Whilst the city doesn't control the laws here, they control the police. So if the city intends to sabotage self driving cars? They'd lock the car down for illegal parking when arriving at the police station.
Good point, valid concern. It’s assumed you need to pay to enter the vehicle and this is tied to your credit card. Could the system be setup so you are charged until you exit the vehicle and your trip doesn’t end until you do? Cameras or presence sensors could detect when the occupant enters or leaves the vehicle.
The first night these are driving around, a homeless person or a drugged up techbro will turn a car into an expensive autonomous outhouse.
It's called Waymo because there's way mo edge cases than they expected, ayoo
With these driverless cabs, will a person still be behind the wheel ? Or is no one there.
If not, what happens if an accident occurs and the cab keeps on driving due to a software bug ?
No one is behind the wheel. Right now there is no mechanism for a third party such as law enforcement to reliably stop or redirect the vehicle.* Yes, it is possible that an issue could occur and the vehicle will keep driving.*
* you could say the same thing about human motor vehicle operators
https://www.theguardian.com/technology/2023/jun/12/san-franc...
While this one is unique afaik, there are plenty of other odd ball ones.
Driving my kid to/from school in San Francisco, I regularly see completely empty Waymo cars driving around... pretty much every day. There's 1-3 that I see parked on a particular wide and relatively empty side street and I suspect they use that street to wait until they have a destination.
There are multiple failsafes to prevent a “keeps on driving from a software bug”.
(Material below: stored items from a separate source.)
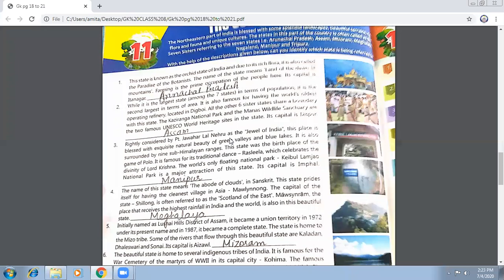The next state is rightly considered by Pandit Jawaharlal Nehru as the 'Jewel of India.' This place is blessed with exquisite natural beauty of green valleys and blue lakes. It is also surrounded by nine sub-Himalayan ranges. This state was the birthplace of the game of polo. It is famous for its traditional dance Raslila, which celebrates the divinity of Lord Krishna. The world's only floating national park, Keibul Lamjao National Park, is a major attraction here. Its capital is Imphal, and the state is Manipur.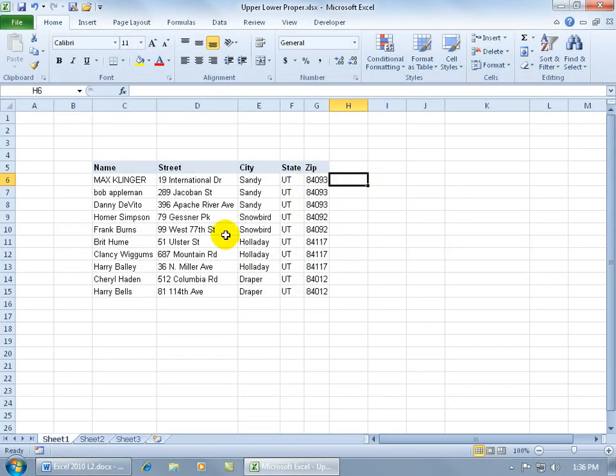If somebody sends you a workbook with data that contains all uppercase or lowercase and you want to convert it to one or the other, you can use one of two functions.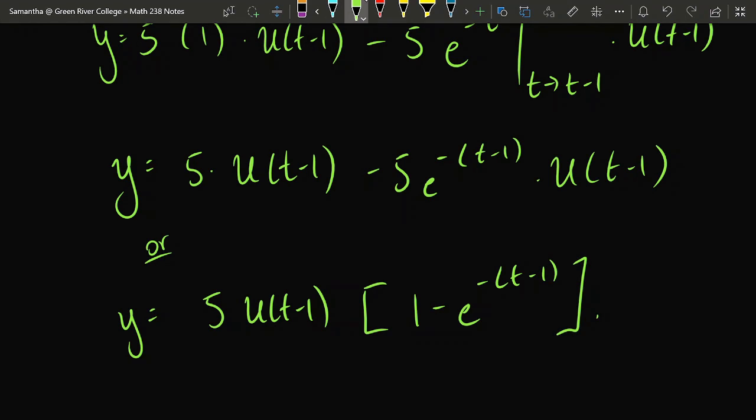That concludes today's material. Today we talked about a theorem that allows us to do two things: it gives us a way to take the Laplace transform of a product of a function and a unit step function, which can be used whenever we're taking the transform of a piecewise function. Used in the reverse direction, we can also find the inverse Laplace transform of an exponential multiplied by a function.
There are overseers who are remotely monitoring vehicle telemetry. If there is an accident, the company will know before anyone else and will respond accordingly.
In the extremely unlikely event this happens and the AV doesn’t pull over the footage is saved for a time so the other driver/pedestrian/etc can simply contact the company/police for insurance claims.
There's already driverless cabs with no one behind the wheel running. Just not 24/7.
If some accident or bug occurs, they currently just stop completely until a person comes out
Waymo already operates around the clock. Their application to CPUC will only allow them to charge for the service.
Hopefully they had the foresight to test this.